早稲田から大塚辺りまで乗るOGが気になっていたのだがある日からぱったりと会わなくなった。父の転勤でどこかへ、もしやお嫁になどと想像を巡らせていた。

今でも最後の都電として早稲田から三ノ輪橋までこの区間だけが運行しているのは懐かしく、ワンデイトリップに出かけてみたいと思う。


間もなく、私には事務労働は不向きと思われたのか、人事的なローテーションのためか
年明けを待たず、経理課に転ずることとなった。質の違う忙しさが待っていたが、仕事は
面白くなった。ネガティブからポジティブへの転換を感じた。先輩諸氏も親切に指導してくれた。私も本を買って実務的な勉強をした。

俄かに文化人になったような気分で、先輩との飲み会にも加わった。近くの小便臭い喫茶店で話に興ずる日々も少なくなかった。このメンバーに後に娘の名付け親となる自由人のTさんがいて、長い交流が始まった。絵を描くことを教えてくれたのも彼だった。「山の友よ」という山男の歌は彼の作詞、作曲でダークダックスのレパートリーとなった。

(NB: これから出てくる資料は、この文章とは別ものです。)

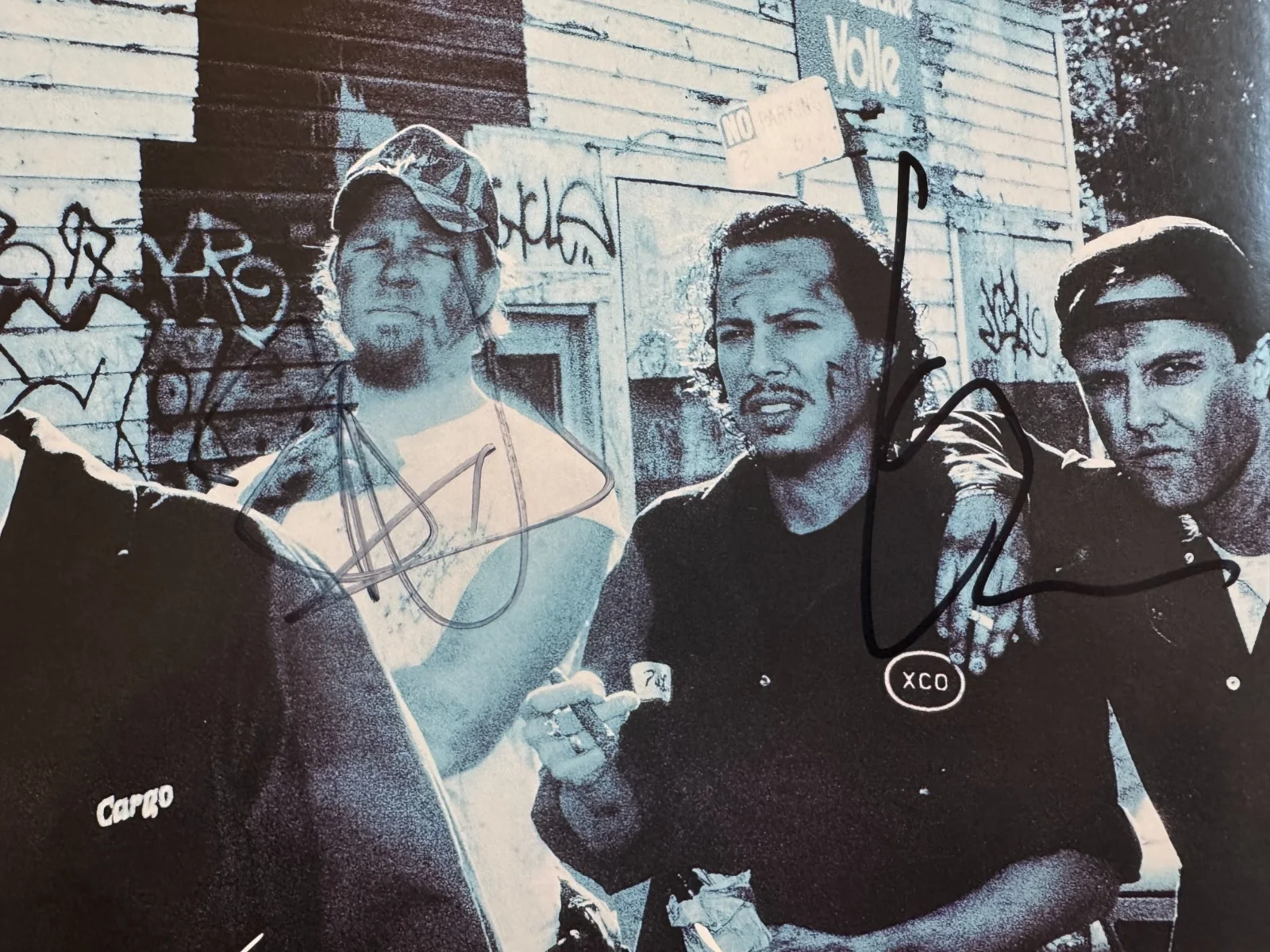 Kirk Hammett Lars Ulrich Signed Autographed LP Garage Inc Metallica JSA COA, изображение 2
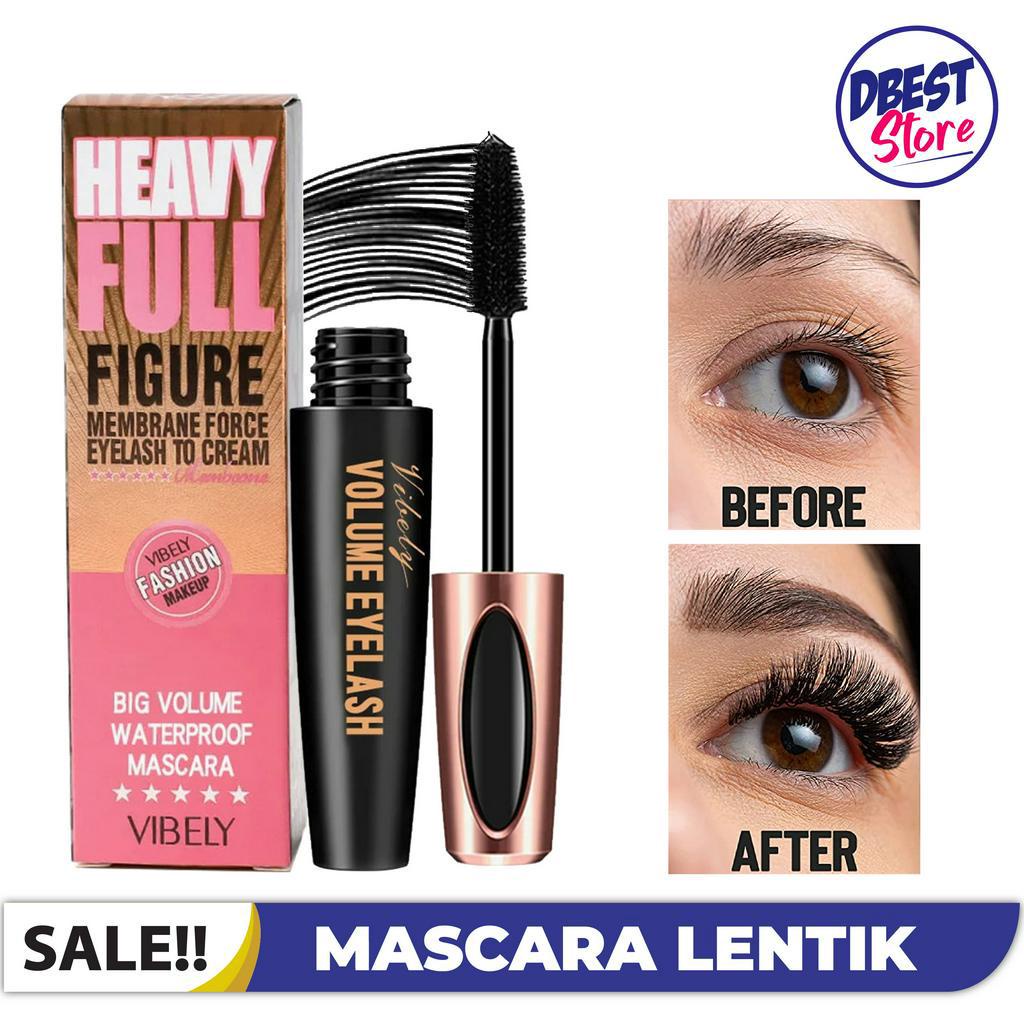 DBEST - COD - 100% Original Heavy Maskara Anti Air 4D Fiber Black Mascara Pemanjang Penebal Bulu Mata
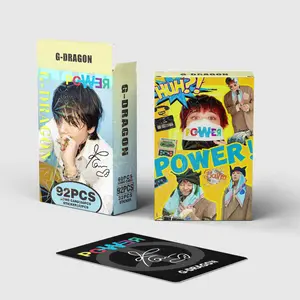 Star Gd Collection Stickers & Dual-Sided Photo Cards Set (32 Stickers, 60 Photos), Perfect Room Decor & Notebook Decoration Gift Sticker Packs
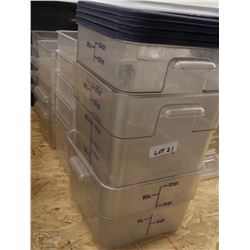 LOT OF 6 AND 12 QUART MEASURES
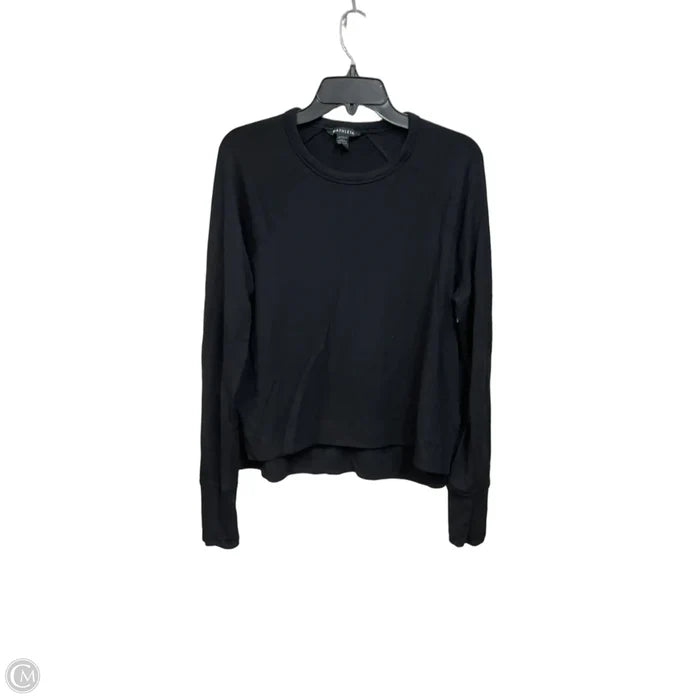 Athletic Top Long Sleeve Collar By Athleta In Black, Size: S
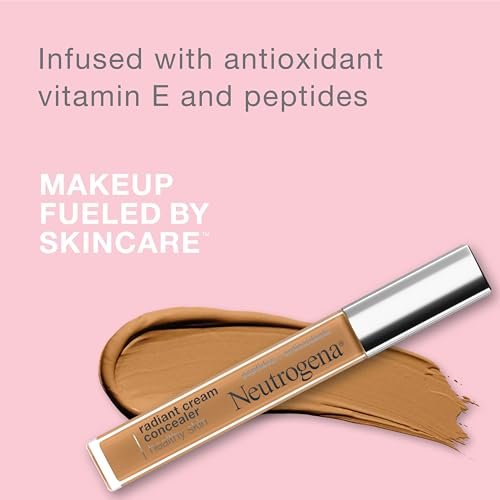 Neutrogena Healthy Skin Radiant Brightening Cream Concealer - Hazelnut Medium 01 (Warm Undertones) - 0.24 oz - görsel 4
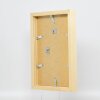 Cornice in legno effetto profilo 55 natura 18x27 cm Art Glass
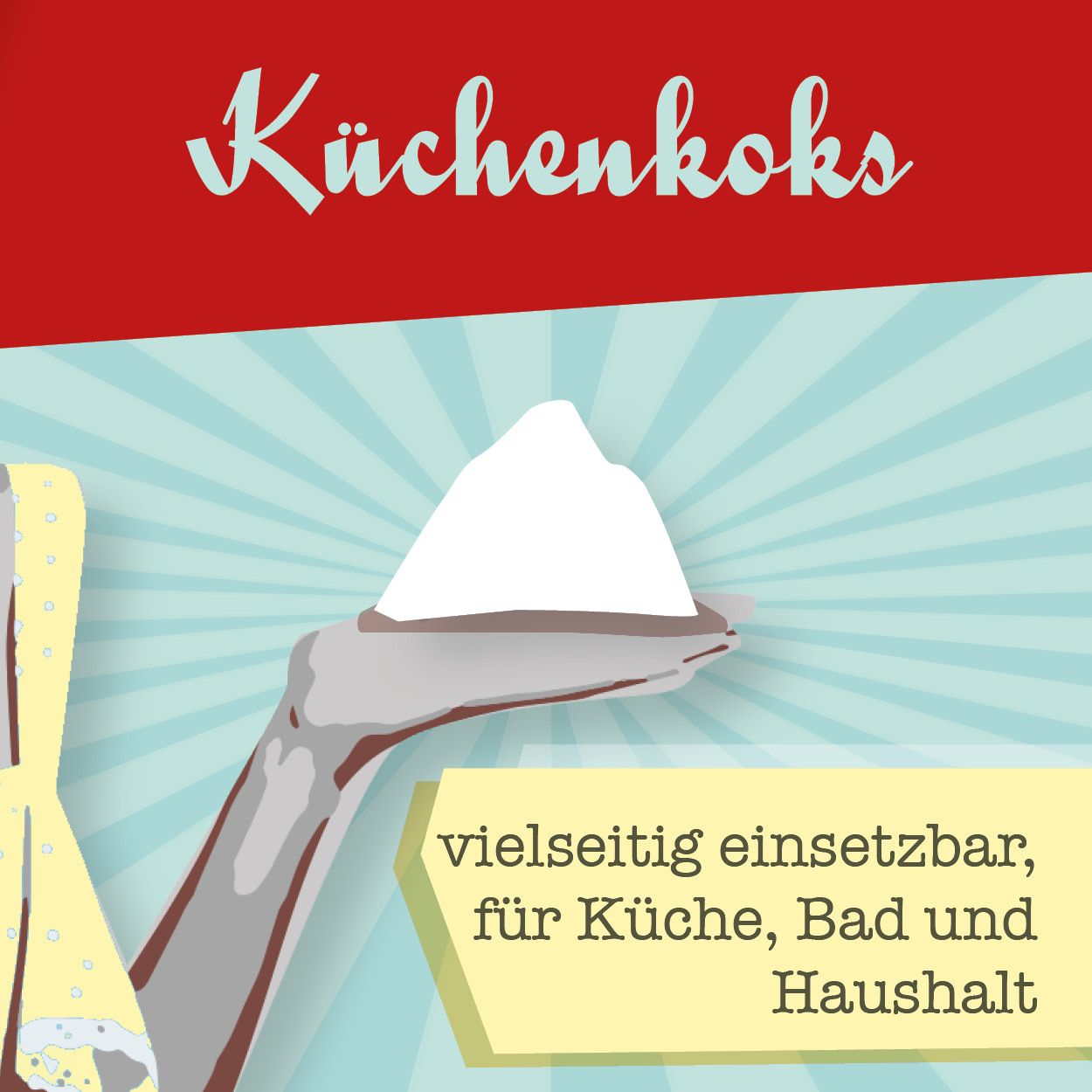 Küchenkoks (Natriumhydrogencarbonat/Natron)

Nさんは釣り狂で、誘い合って山に岩魚、ヤマメ釣りに出かけた。鉄橋で電車に出くわしたり、引掛かつた糸を外そうと登った木から川に落ちたり、熊の足跡を見つけたり、武勇伝は少なくない。後年家庭を顧みず釣りに熱狂したためか、妻は娘を連れて私の実家に家出をする始末であった。


冬のスキーは良く出かけた。上野初23時50分上越回り米原行きの夜行に飛び乗り、早朝石打に着き,仮眠をして、1日滑りまた夜行で帰る等の今では考えられない荒業が良く続いたものだと思う。妻とのロマンスはリフトのロマンスシートで芽生えたとの美談が伝えられている。


初任給8,000円(孫の4%弱)は殆ど飲代と野外の行楽で消えた。然しこうしたお付き合いで次第に人脈は厚くなった。仕事だけの虫にならないで、この、時代を超えて良く遊んだことは私の人生の糧になったように思っている。文武両道とはいかないまでも、忙中閑ありの構えが備わったのは経理課の自由で風通しの良い雰囲気のおかげと感謝している。恵まれた社会人としてのスタートであったが、約1年後に結婚する時、貯金ゼロ、で家賃4000円の負担は大きく共働き生活が始まるのは止むを得ぬとしても、家計のバランスから月300円の10畳一間の木賃宿以下の家族寮に移り住むことになった。台所もトイレも共用でスイートホームとは程遠いものであった。

電気洗濯機を買って、我が家が特権階級のように見られたあの頃が懐かしい。
家族寮入居者は、その実績で1年後優先的に新築の集合社宅(浦和)に移れることとなった。